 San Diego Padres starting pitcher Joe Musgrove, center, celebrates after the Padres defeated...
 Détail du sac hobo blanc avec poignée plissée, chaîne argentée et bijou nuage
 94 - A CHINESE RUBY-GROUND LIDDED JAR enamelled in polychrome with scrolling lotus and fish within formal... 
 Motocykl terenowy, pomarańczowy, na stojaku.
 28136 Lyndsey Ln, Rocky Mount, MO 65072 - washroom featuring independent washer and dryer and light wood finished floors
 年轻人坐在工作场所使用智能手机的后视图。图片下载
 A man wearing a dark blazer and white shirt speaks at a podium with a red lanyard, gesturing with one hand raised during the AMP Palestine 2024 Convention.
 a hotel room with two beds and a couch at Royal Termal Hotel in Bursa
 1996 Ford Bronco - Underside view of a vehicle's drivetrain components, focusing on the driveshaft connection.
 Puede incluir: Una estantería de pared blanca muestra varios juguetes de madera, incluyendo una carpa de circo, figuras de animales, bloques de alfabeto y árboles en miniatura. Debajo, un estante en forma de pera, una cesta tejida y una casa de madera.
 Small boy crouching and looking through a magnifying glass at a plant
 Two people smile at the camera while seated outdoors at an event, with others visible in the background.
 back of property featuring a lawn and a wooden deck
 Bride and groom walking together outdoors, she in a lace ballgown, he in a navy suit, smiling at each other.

::::::::::

- [REQUIRED WORK]
Only the lines containing the string "with" are needed; pull them out of the records.

- [ANSWER SECTION]
 94 - A CHINESE RUBY-GROUND LIDDED JAR enamelled in polychrome with scrolling lotus and fish within formal... 
 A man wearing a dark blazer and white shirt speaks at a podium with a red lanyard, gesturing with one hand raised during the AMP Palestine 2024 Convention.
 a hotel room with two beds and a couch at Royal Termal Hotel in Bursa
 Two people smile at the camera while seated outdoors at an event, with others visible in the background.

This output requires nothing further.